Painting by the Master of Meßkirch, c. 1535-40.
Saint Walpurga was an English missionary to the Frankish Empire. She was canonized on 1 May ca. 870 by Pope Adrian II. Walpurga’s Night is the name for the eve of her day, which coincides with May Day. Walpurga was educated by the nuns of Wimborne Abbey, Dorset, where she spent twenty-six years as a member of the community. She then travelled with her brothers in evangelizing among the still-pagan Germans. Because of her rigorous training, she was able to write her brother Winibald’s vita and an account in Latin of his travels in Palestine. As a result, she is often called the first female author of both England and Germany.

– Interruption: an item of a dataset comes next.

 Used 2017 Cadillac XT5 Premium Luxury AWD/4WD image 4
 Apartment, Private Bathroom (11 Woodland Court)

A Coptic icon, showing, in the lower left,
St. Anthony with St. Paul the First Hermit
St. Anthony was an early Christian monk and a Coptic who lived in Egypt. Anthony took shelter in an abandoned tomb carved in the side of a mountain and fought off the temptations of the flesh and demon’s attacks for the next 20 years by working and praying. He’d stack rocks in mile-long, winding walls dividing nowhere from elsewhere, swept his cave 10 times a day, ate insects and berries and prayed for a sign from God. Mina became a follower of St. Anthony.
Stephen of Cloyes
Stephen was a twelve-year-old French shepherd boy from Cloyes who claimed that he bore a letter for the king of France from Jesus commanding a Children’s Crusade. Large gangs of orphans around his age were drawn to him, and he attracting a following of over 30,000 children. At the end of June 1212, Stephen led his largely juvenile Crusaders from Vendôme to Marseilles. They survived by begging for food.
Hassan i Sabbah
Haasan i Sabbah and terrorized the Arab world from a mountaintop fortress called Alamut in Persia. Some say he died in the early 12th century, but according to legend, he lived on for at least another 100 years. He founded a group of fedawis whose members are often referred to as the Hashshashin, or “Assassins.”

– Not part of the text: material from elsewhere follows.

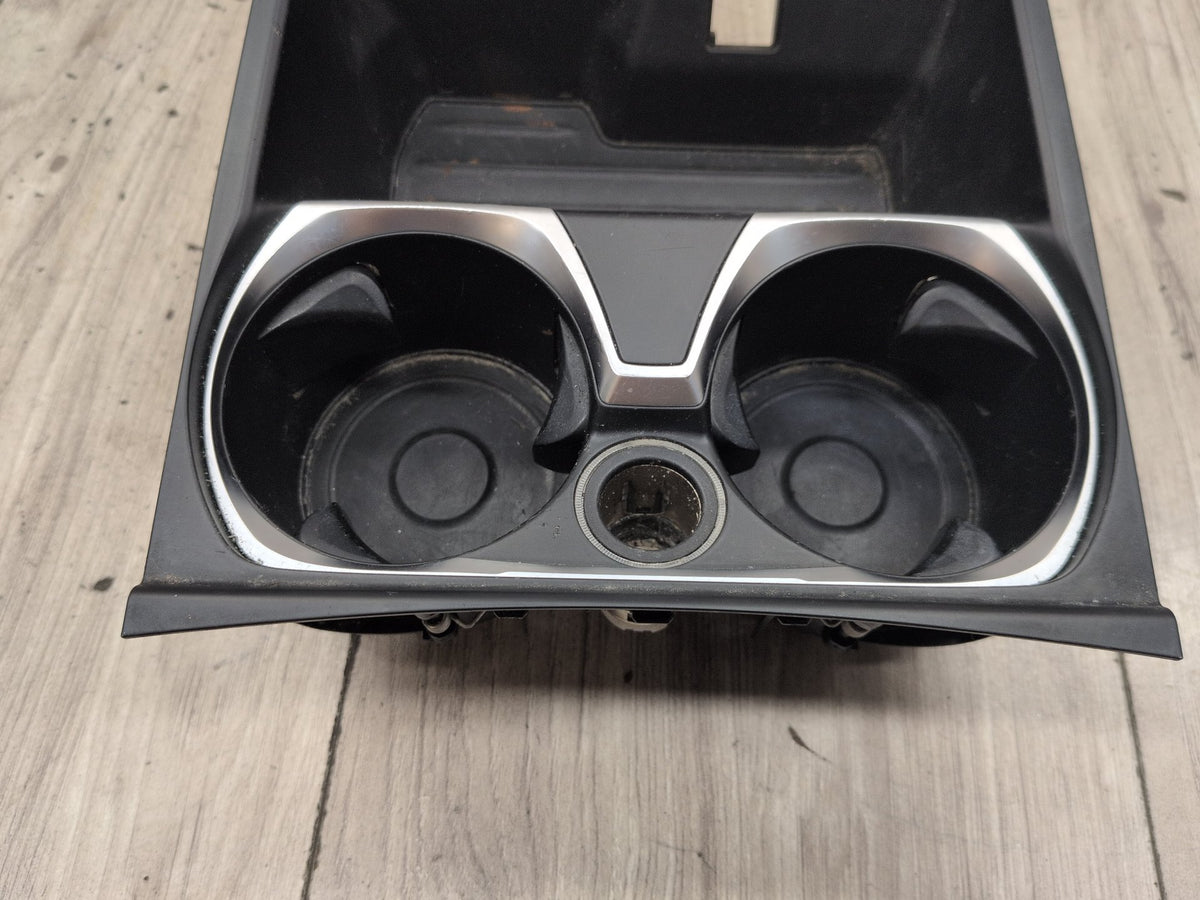 16-19 OEM BMW G11 G12 740 750 M760 Center Console Cup Holder USB Charging Port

Benevolent ruler of the Karmations, an early Ishmaelite sect that ruled Bahrain from the 9th to 13th century. His son, Tahir Karmat, stole the Kabba Stone from Mecca and held it for ransom for 23 years, when it was finally returned to the Kabba.
Hamdan Karmat was small man but powerful warrior who always led his army into battle. Karmations were also known for treating women as equal to men, and never turning down an opportunity to seek ecstasy through wine, drugs and music and food.
Pope Innocent III
Pope Innocent III reigned from January 1198 to his death in 1216. one of the most powerful and influential popes. He exerted a wide influence over the Christian regimes of Europe, claiming supremacy over all of Europe’s kings. Innocent called for Christian crusades against Muslim Spain and the Holy Land, as well as the Albigensian Crusade against the Cathars in southern France.

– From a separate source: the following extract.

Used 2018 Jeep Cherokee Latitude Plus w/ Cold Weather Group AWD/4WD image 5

One of Pope Innocent’s most critical decisions was organizing the Fourth Crusade. Originally intended to attack Jerusalem through Egypt, a series of unforeseen circumstances led the crusaders to Constantinople, where they ultimately attacked and sacked the city (1204). Innocent reluctantly accepted this result, seeing it as the will of God to reunite the Latin and Orthodox Churches, but it poisoned relations between the two churches.